Mayorazgo

Foundation of the Zabala entailed estate. 1612
Succession dispute over the Zabala entailed estate. 1628
Family tree showing the succession to the Elurre entailed estate. 1758

Mayorazgo (majorat) was one of the basic legal concepts in Gipuzkoa’s social and economic history from the early 16th century (introduced in 1505 through the Castilian edict known as the “Leyes de Toro”) until the laws of disassociation of 1820-1841. Mayorazgo and Vínculo (association) are terms that are similar but not synonymous: the former requires a royal warrant before it can come into force, the second is a mere trusteeship that is fully legally binding but subsidiary in nature. While the former was more widespread among the ruling classes and the latter was universally used throughout Guipuzcoan society, both mechanisms removed productive assets from the market. As a result of this, in the 18th century, arbitristas (projectors) and economists began advocating that they should be abolished.  
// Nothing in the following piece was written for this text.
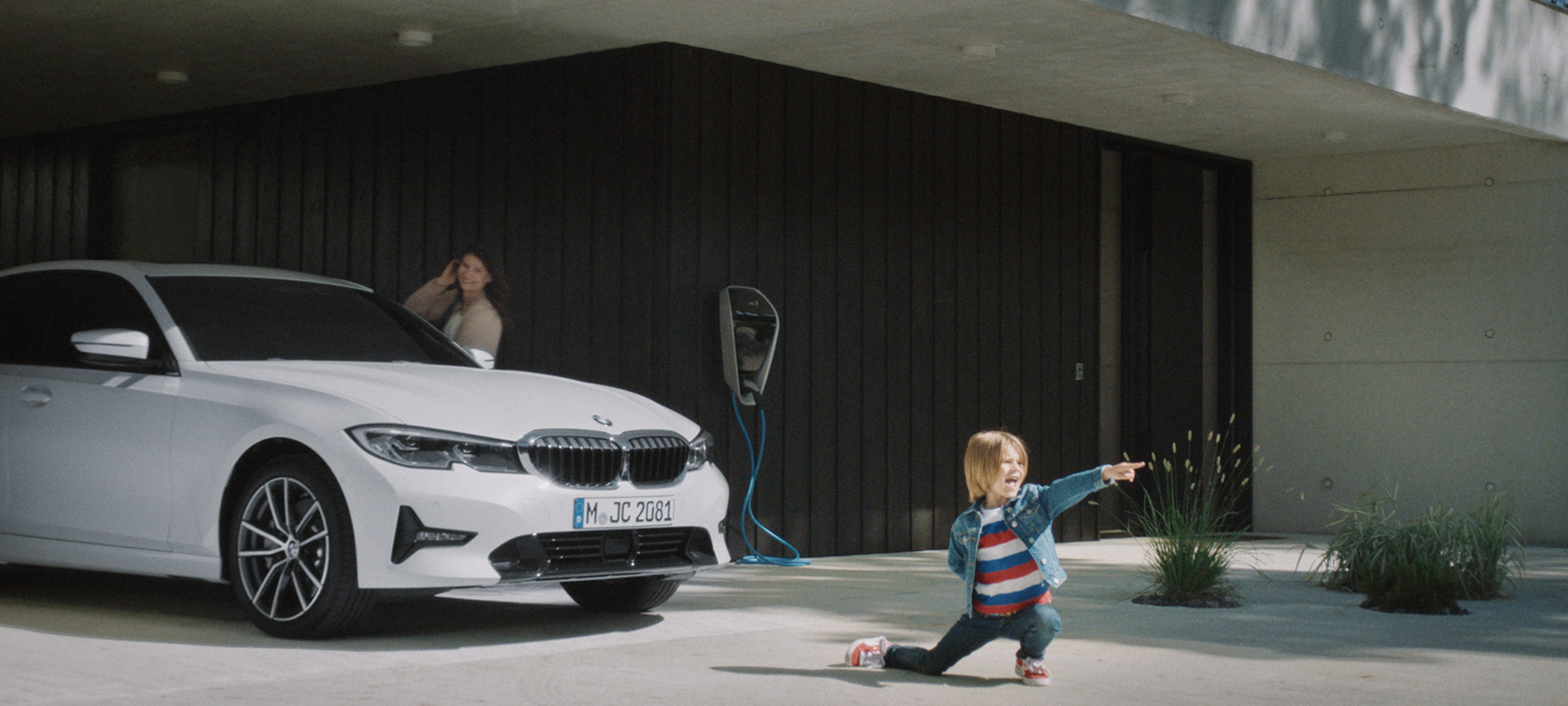 充電ステーションに佇むBMWハイブリッド車 BMWプラグイン・ハイブリッド 充電ステーションに停まるBMWハイブリッド車の前に佇む少年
The concept of the mayorazgo (maiorazkoa, premua) meant that a family could keep all its goods and assets, without having to divide or separate them, for generations. In this way, goods and property functioned as an indivisible whole that was associated with a noble lineage. Thus, mayorazgo fulfilled a basic economic function, as it prevented the division and share-out of a productive whole that was deemed to be profitable, and allowed it to continue in the same way. The last full owner of the goods and property was the person who established the mayorazgo, and his successors and heirs could only enjoy a full ownership that was purely theoretical, given that they did not enjoy free access to said assets; they were, therefore, more usufructuaries than owners. Paradoxically, the fact that it was impossible to divide up his assets often forced the mayorazgo to go into debt in order to pay the rest of the heirs their due share, and so in practice, the opposite of the desired effect was often achieved.
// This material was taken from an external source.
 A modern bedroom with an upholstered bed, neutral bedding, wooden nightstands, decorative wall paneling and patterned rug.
In fact, just like an economic concept (and even more so, in fact), mayorazgo can be considered as a means of social reproduction. When all is said and done, mayorazgo was everlasting, while its administrators were temporary. It was not an egalitarian concept – on the contrary, it was perfectly hierarchical and regulated, always with the ultimate objective of maintaining and improving a family within a noble lineage. The mayorazgo had to demonstrate, through his work and efforts, that he really was a worthy governor of the house, and he had to fulfil responsibly his obligations to the other family members. These, in turn, had to demonstrate their worth in the sphere allotted to them, whether it was compensation for marrying out of the home, a military or other type of career, religion, emigration or a marriage of convenience. In the rules for the succession of the mayorazgo, the founder could choose to decide the system of succession, which might be one of rigorous agnation, or which showed preference to men over women, etc., or by specifying the names of his successors. Therefore, the continuity of the mayorazgo was elective, and could be left in the hands of the heir or heiress whom the donor considered to be deserving of this responsibility. The heir or heiress then came to embody the mayorazgo, and in fact the person became considered and described as the mayorazgo.
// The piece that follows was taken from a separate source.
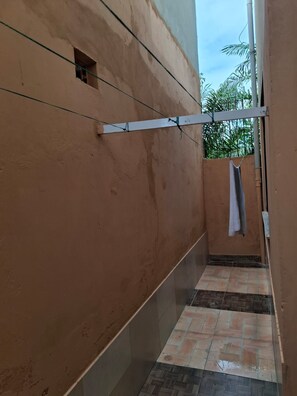 Ein schmaler Korridor mit Fliesenboden, einer Wäscheleine und einem kleinen Fenster.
This legal concept continued in force until the law of disassociation of 1820, which abolished all such associations. Even so, it persisted for some time in certain areas by means of a legal ruse, given that the law did not cover donations between living persons; thus, the possessor of the mayorazgo could give it to his son as a contribution to his marriage; the son then became the new lord of the house, and his parents could enjoy the use of half of the noble abode.